▶ **Data listing**:
○ ○ ○

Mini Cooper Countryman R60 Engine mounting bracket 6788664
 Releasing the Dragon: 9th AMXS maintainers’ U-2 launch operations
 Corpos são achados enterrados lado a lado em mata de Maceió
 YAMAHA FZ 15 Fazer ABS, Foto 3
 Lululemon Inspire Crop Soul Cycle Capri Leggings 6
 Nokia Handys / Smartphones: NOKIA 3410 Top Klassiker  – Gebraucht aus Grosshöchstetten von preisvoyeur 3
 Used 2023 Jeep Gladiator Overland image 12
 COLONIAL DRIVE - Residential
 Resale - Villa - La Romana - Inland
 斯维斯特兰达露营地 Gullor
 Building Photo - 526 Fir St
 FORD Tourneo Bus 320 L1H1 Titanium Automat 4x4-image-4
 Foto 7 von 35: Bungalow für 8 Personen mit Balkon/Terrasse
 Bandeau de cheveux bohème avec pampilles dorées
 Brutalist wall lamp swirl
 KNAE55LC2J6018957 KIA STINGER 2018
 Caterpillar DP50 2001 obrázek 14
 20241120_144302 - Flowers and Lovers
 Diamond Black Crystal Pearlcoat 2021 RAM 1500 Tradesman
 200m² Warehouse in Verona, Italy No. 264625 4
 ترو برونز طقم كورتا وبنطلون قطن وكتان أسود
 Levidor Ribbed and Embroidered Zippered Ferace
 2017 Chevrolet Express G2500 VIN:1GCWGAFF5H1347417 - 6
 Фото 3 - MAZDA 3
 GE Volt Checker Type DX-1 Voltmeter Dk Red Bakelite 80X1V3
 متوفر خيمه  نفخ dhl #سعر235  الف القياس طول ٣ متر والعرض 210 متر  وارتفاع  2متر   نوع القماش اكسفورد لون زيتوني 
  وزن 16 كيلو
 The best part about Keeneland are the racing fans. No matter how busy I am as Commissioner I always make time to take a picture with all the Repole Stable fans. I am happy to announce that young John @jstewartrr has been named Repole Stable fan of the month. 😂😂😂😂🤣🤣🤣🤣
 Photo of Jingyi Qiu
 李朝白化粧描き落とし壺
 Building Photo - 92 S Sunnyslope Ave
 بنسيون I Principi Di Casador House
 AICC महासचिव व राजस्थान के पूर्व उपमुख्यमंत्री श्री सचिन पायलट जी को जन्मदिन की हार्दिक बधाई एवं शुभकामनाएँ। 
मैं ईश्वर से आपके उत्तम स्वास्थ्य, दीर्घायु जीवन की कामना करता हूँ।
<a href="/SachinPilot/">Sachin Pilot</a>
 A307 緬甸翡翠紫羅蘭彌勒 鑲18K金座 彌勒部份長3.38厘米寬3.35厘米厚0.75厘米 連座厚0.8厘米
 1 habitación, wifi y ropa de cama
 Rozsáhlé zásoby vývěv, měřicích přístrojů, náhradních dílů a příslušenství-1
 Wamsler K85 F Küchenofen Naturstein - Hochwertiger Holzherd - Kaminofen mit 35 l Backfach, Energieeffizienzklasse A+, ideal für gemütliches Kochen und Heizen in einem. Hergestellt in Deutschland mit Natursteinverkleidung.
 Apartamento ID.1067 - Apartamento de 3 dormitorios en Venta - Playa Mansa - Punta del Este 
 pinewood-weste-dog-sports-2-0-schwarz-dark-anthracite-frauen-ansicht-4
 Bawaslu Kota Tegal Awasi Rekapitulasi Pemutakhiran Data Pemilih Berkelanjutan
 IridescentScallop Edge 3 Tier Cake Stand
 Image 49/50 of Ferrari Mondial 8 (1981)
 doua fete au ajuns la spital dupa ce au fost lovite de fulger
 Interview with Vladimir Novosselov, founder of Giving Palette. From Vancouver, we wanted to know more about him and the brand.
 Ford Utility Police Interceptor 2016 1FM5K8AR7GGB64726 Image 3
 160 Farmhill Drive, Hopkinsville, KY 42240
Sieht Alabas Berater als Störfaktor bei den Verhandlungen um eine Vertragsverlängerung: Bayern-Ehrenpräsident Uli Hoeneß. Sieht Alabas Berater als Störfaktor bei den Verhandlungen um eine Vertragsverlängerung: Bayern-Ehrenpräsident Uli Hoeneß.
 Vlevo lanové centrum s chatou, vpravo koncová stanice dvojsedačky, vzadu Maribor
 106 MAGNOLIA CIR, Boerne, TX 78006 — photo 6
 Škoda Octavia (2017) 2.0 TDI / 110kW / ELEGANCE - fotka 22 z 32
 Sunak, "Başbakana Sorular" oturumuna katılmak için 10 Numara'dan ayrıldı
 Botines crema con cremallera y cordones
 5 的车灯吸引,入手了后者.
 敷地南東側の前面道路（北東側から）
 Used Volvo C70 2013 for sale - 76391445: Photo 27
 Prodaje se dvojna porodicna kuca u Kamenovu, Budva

○ ○ ○

▶ **What is expected**: The word "about" appears in some lines of the data. Copy every one of those lines.

▶ **Task answer**:
 The best part about Keeneland are the racing fans. No matter how busy I am as Commissioner I always make time to take a picture with all the Repole Stable fans. I am happy to announce that young John @jstewartrr has been named Repole Stable fan of the month. 😂😂😂😂🤣🤣🤣🤣
 Interview with Vladimir Novosselov, founder of Giving Palette. From Vancouver, we wanted to know more about him and the brand.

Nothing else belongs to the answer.